Ela adorou a direção dele. Ele terá visto nela qualquer coisa. Mas não foi uma epifania. Era, aliás, um encontro improvável. Ele, confessa, "não gostava de muito do que ela fazia". Ela achava que ele nunca ia aceitar trabalhar com ela, até por motivos políticos - estavam em polos opostos. "Eu achava que o Zé Mário era muito rigoroso nisso."
Mas a política não separou o que o fado havia de unir. Katia fez um telefonema corajoso. José Mário foi frontal. Ela respondeu com humildade - e, talvez, adivinha-se de como ela o conta, lágrimas. Ele foi o que dele se conhece - exigente, duro, cortante.
Conciliação feita, foram alguns meses de partir pedra, escolhendo poemas "sem autor", ensaios na casa de José Mário, com muito fumo e café.
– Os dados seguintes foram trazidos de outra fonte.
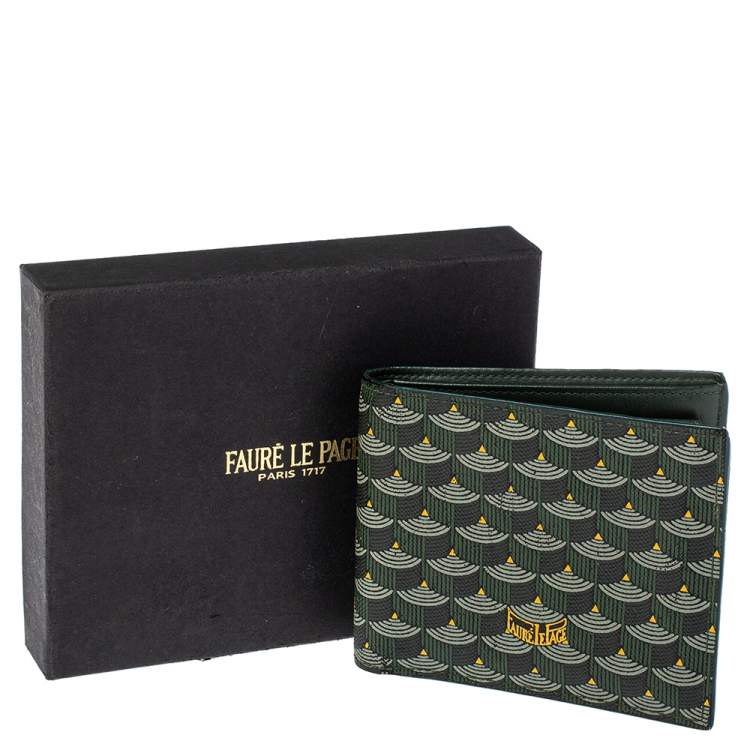 Pre Owned Faure Le Page Green Coated Canvas Bifold Wallet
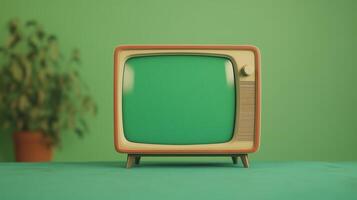 Retro Vintage Portable Television with Green Screen Display in Nostalgic Style for Media and Design Concepts Embracing Classic Entertainment and Technology with Artistic Flair photo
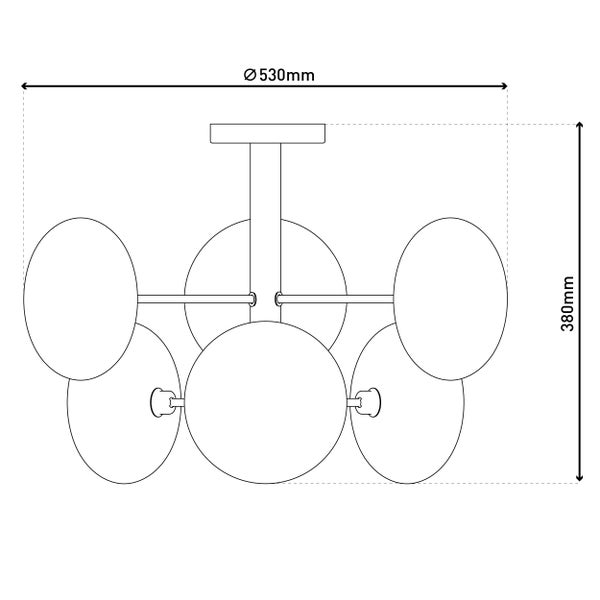 Deckenleuchte ORION Ø ca. 53 cm amber, aus messingfarbenem Metall und Glas in amber, G9-Sockel, Beleuchtung für Wohnzimmer, Esszimmer oder Büro.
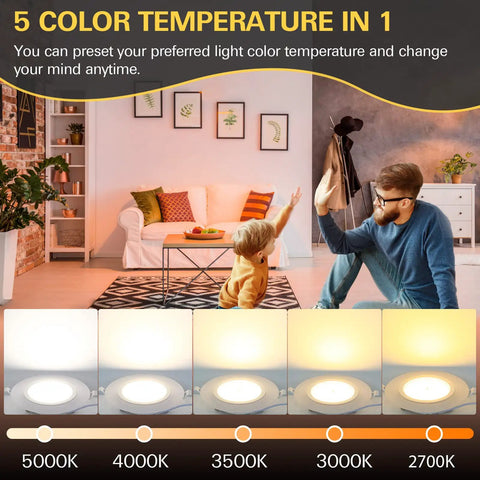 12 Pack 4 Inch 5CCT LED Recessed Ceiling Lights With Night Light CRI90 850 Lumen 10.5W 80W Equivalent showcasing color temperatures.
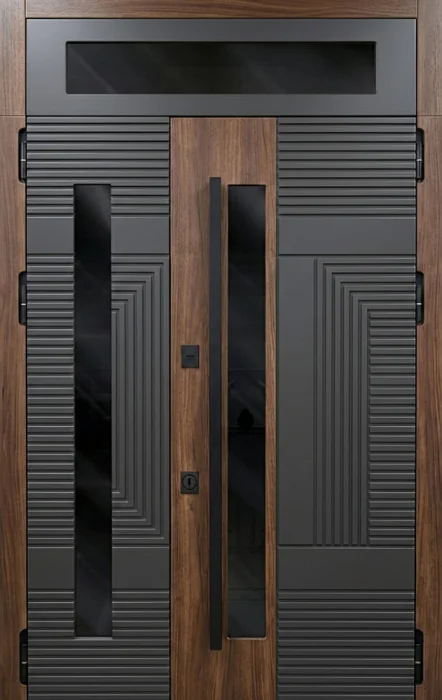 Металлическая входная дверь графит под орех со стеклом №120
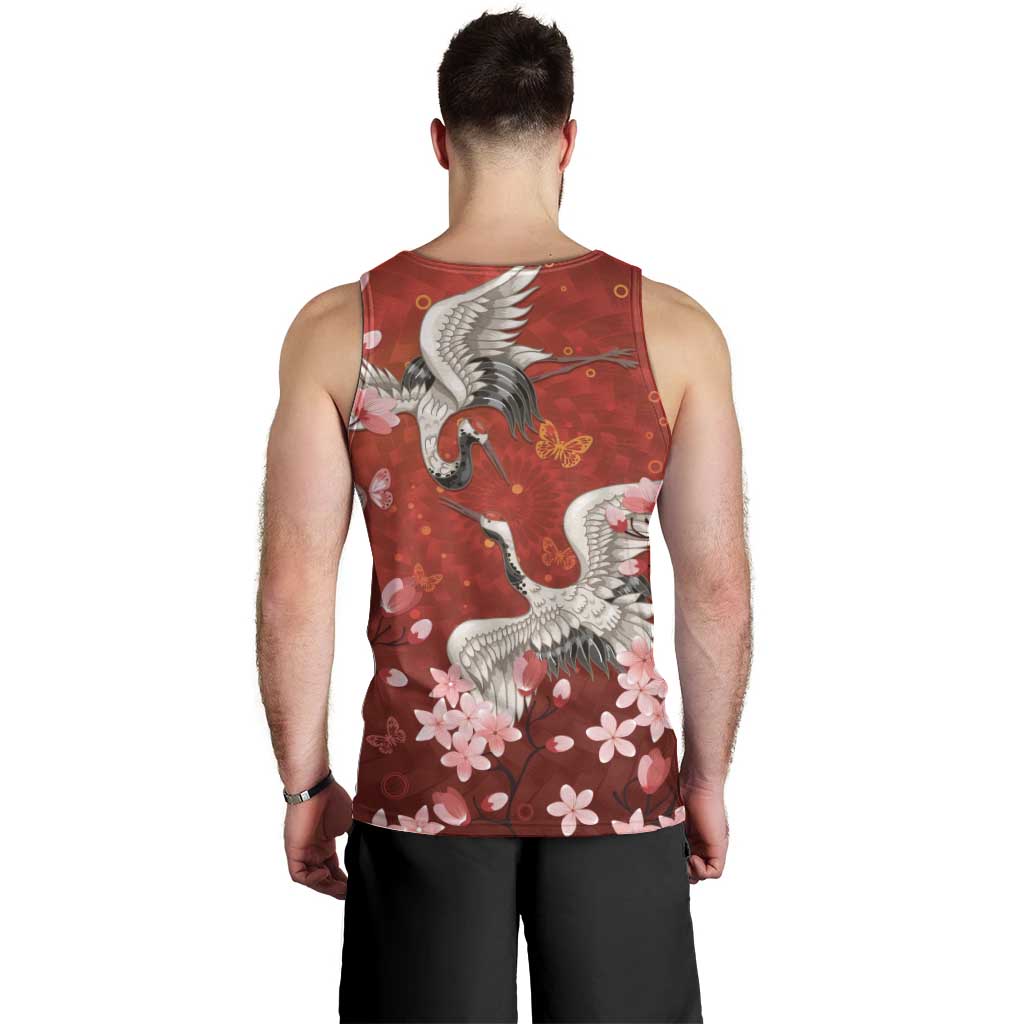 Hawaii Japan Cranes Sakura Flower Red Men Tank Top Japan Heritage Spirit LT01 - Polynesian Pride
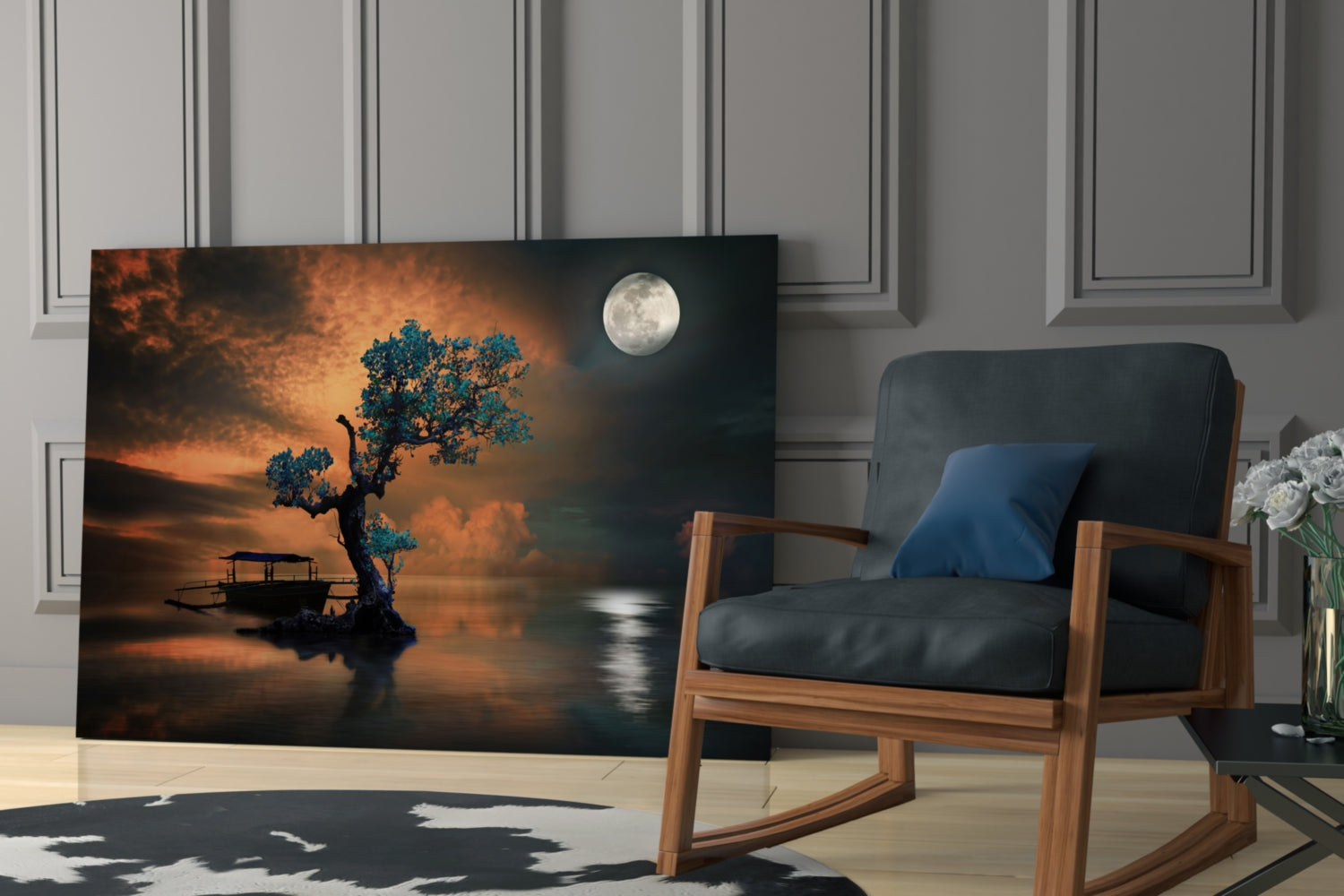 Turquoise Tree Moonlit Lake Boat Glass Wall Art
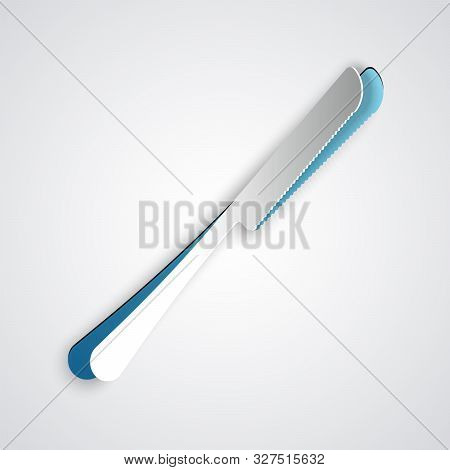 Paper Cut Knife Icon Isolated On Grey Background. Cutlery Symbol. Paper Art Style. Vector Illustrati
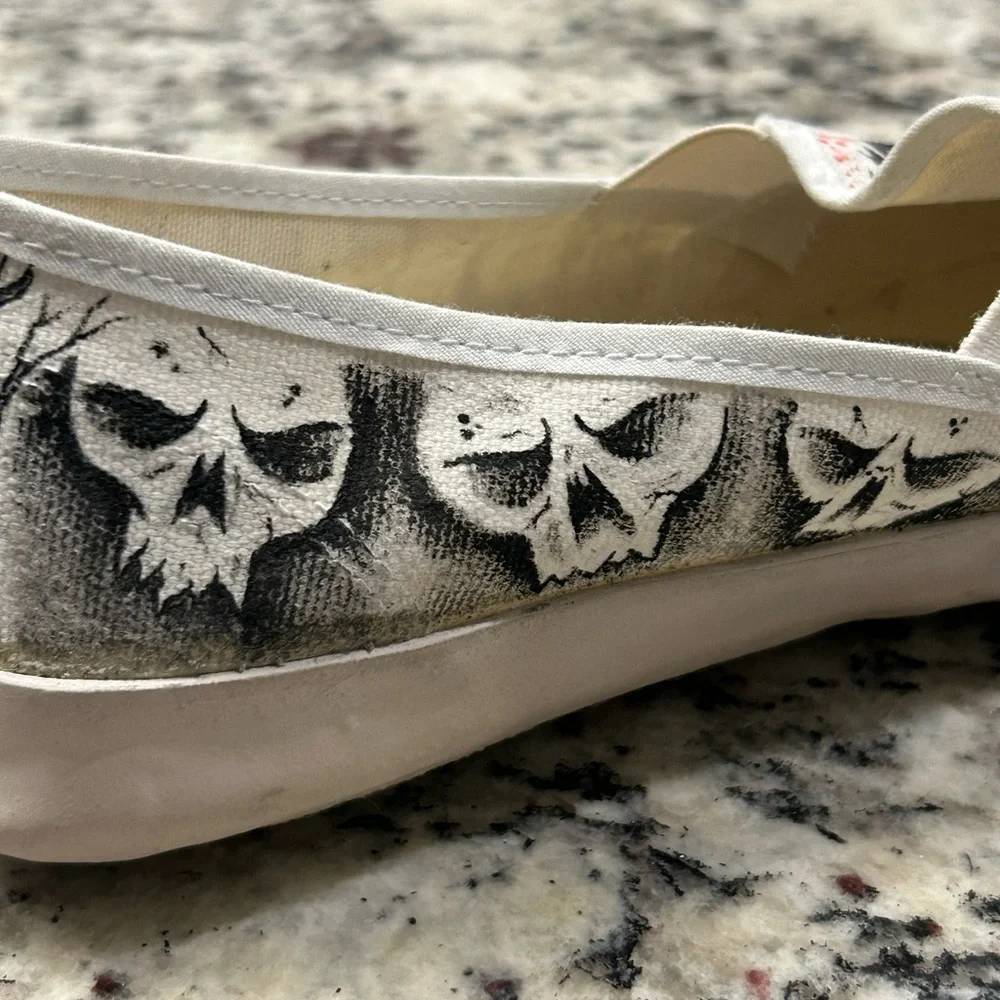 Hand Painted Custom Horror Themed‎ Slip-On Shoes Jason & Michael M7.5 W9.5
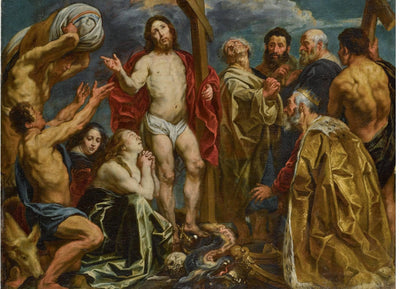 Christ triumphant among the nine penitents in entryway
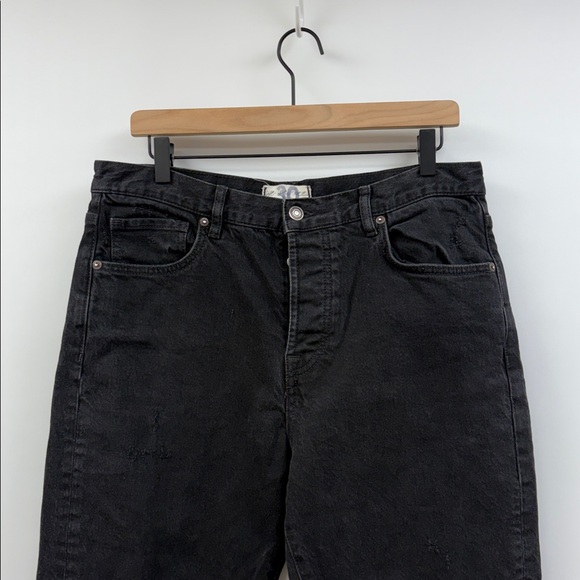 Free People We the Free Bren Relaxed High Rise Jeans Black Distressed Denim 30 - Picture 4 of 10
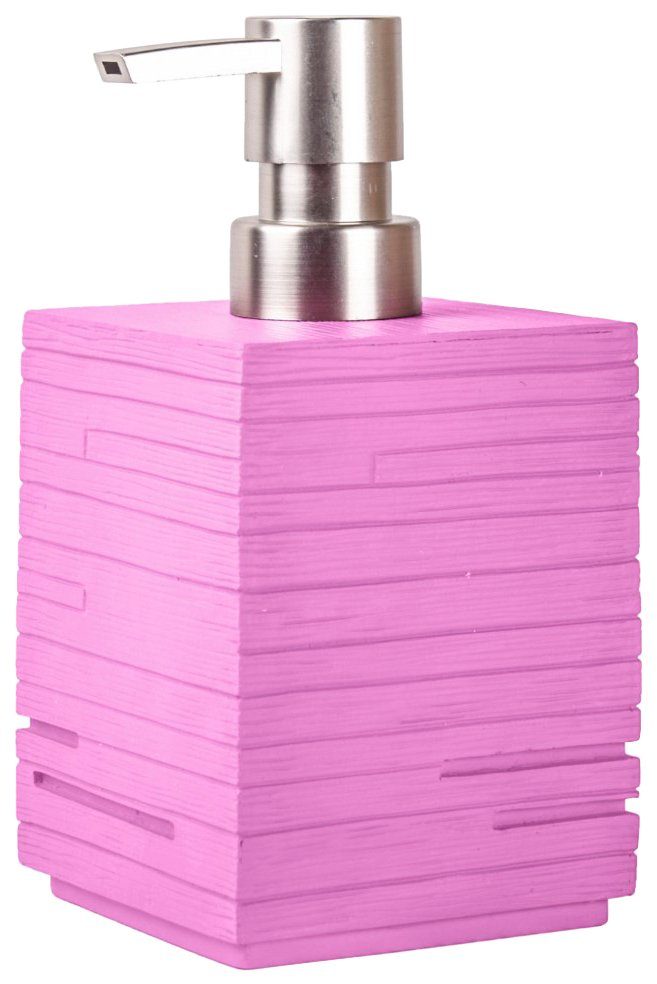 Sanilo Set badkameraccessoires Calero Pink bestaand uit zeepdispenser en toiletborstel, geribbeld (combi-set, 2-delig)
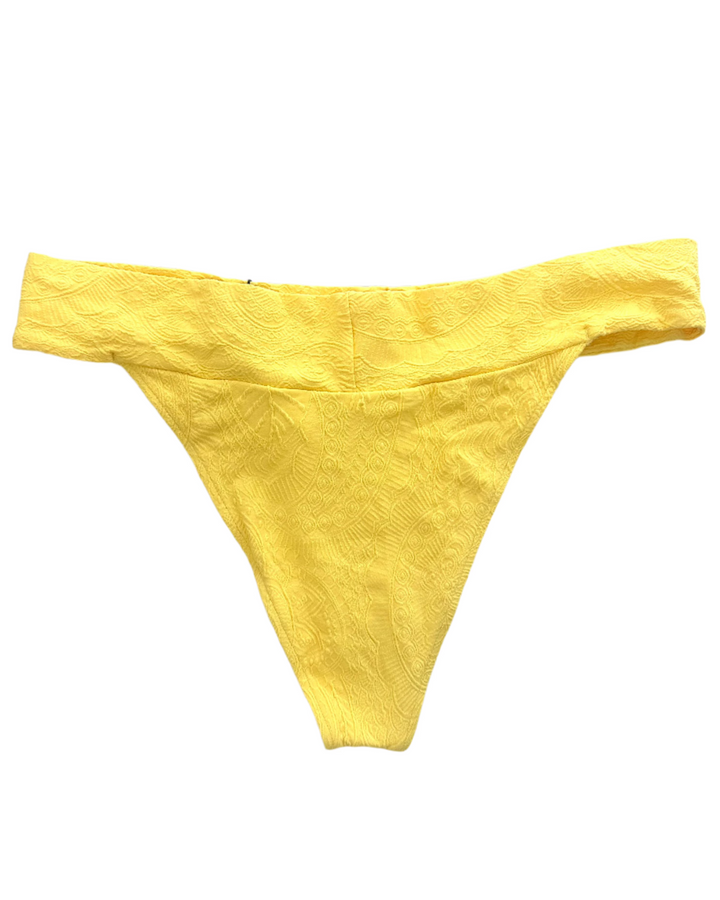 Yellow Embossed Cheeky Bikini Bottom - Extra Large and Extra Extra Large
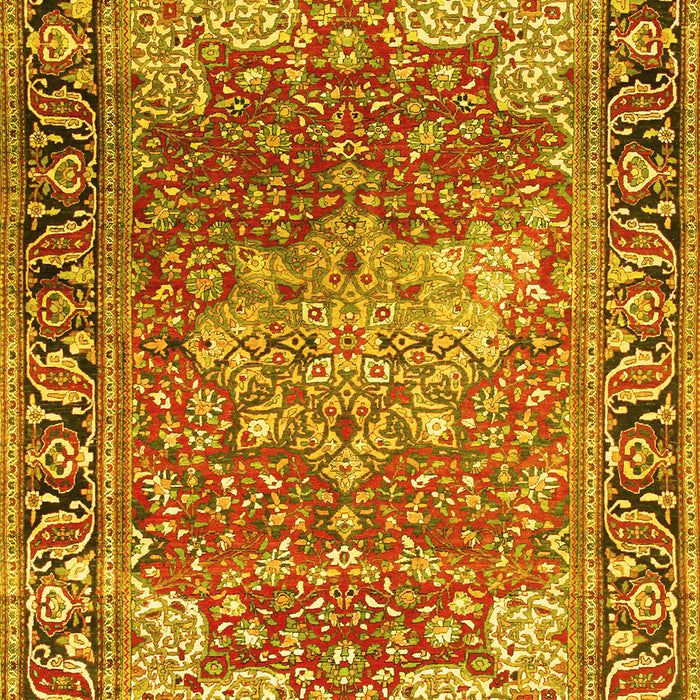 Machine Washable Medallion Yellow Traditional Rug, wshtr23yw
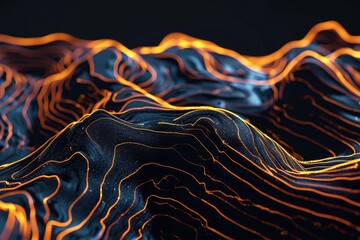 An abstract topographic journey, with lines that twist and turn, leading the viewer over imaginary terrains and through darkened valleys, endlessly looped in 4K.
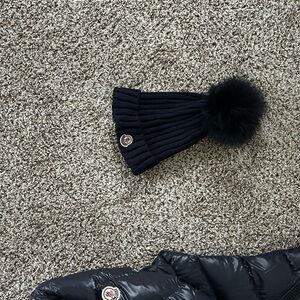 Moncler Dark Blue Knit Beanie with Pom-Pom
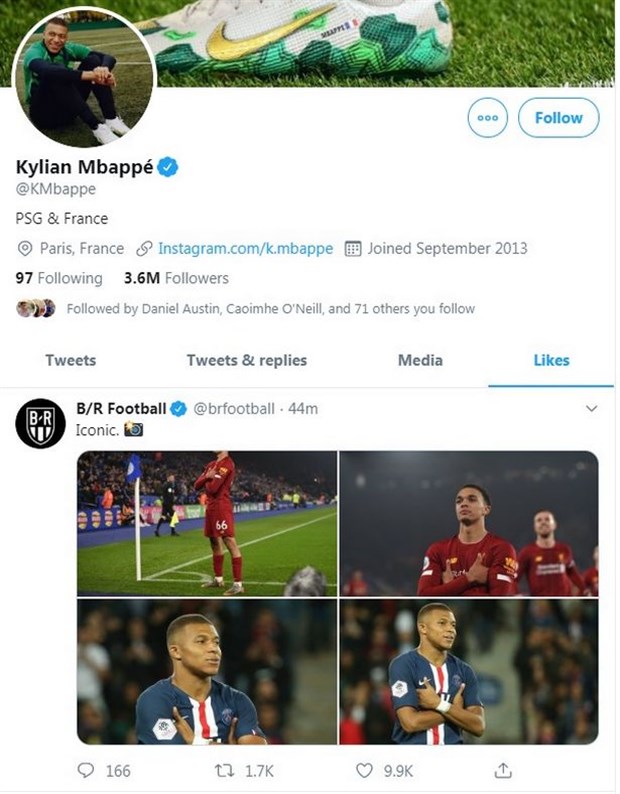 Chính Kylian Mbappé dường như cũng tỏ ra rất thích thú trước hành động của Trent Alexander-Arnold vào đêm qua.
E José Mário percebeu que Katia voltava diferente a cada nova sessão. Ia menos alto, sentia mais. Ambos falam de fado da mesma forma.
O estúdio é a ponta final do percurso deste disco que se vai chamar Sempre. A gravação do Tristeza Velha foi uma das mais difíceis. Porque, como explica o produtor, o fado menor é um fado sem melodia, onde cabe tudo ao artista: "Esta música não é nada - portanto é tudo. Foi quase o único caso em que ela cantou comigo a apurar o estilado verso a verso. Não tem mal. Porque é uma construção. É o lado jazz do fado, mudas a melodia consoante a palavra. Temos de procurar adequação e variedade de estilado." Na guitarra, João Mário Veiga e Pedro Castro.
Partem do geral para o particular. Preocupam-se com um poema que é preciso compreender, porque sem isso nada sai bem. "Há aqui uma entrada de cena da conversa, tens de ser mais à bruta," aconselha José Mário. "Não te sentes em palavra nenhuma", insiste ele. Ou ainda: "Dá-lhe 37% de sorriso, por favor." Ou: "A base está feita, a atitude geral está lá e a prova é que já não estás a semitonar como estavas." Frases ditas do caçador de pormenores, palavras do produtor que é mais do que isso. Do mestre.
A fadista grava verso a verso, às vezes apenas para mudar a forma como diz o final de uma palavra. Muda a prosódia, ou seja a acentuação, muda o estilado, a forma como canta. Muda, até, a pronúncia de uma vogal, ela que nasceu na África do Sul e viveu a juventude nos Açores. Demoram-se num "não"...
Não gosto da acentuação desses nãos", diz Manuela a quem irrita que os fadistas digam todos uma "liberdade como se fosse liberdede". José Mário aconselha sobre um "a" em "voar", "muda pouco, mas muda tudo." Insiste: "Este 'a' de voar é importante, estás a abrir para o espaço, atira-te e voa." Incita: "Isso, muito bem!" E anima com frases doidas: "Diz gaivota sem próteses."
Este é o "apuramento emocional", última fase do "método José Mário Branco", o que ele foi desenvolvendo ao longo de anos, tentando objetivar o que é tão pessoal na música. São quatro folhas A4, tabelas divididas em "bases musicais", "apuramento emocional", "edição e montagem".
E a última, mais importante, em que se analisa, música a música, as vogais, a atitude, a voz/respiração, divisão e estilados, e... vazios. Silêncios? "Não, vazio de vazio, de falta de sentimento." O que esta coluna na tabela de avaliação deve dar arrepios a quem canta sob a sua batuta, a quem ousa aventurar-se sob o seu juízo. E, depois disso, o contrário, a obra comum com um mestre.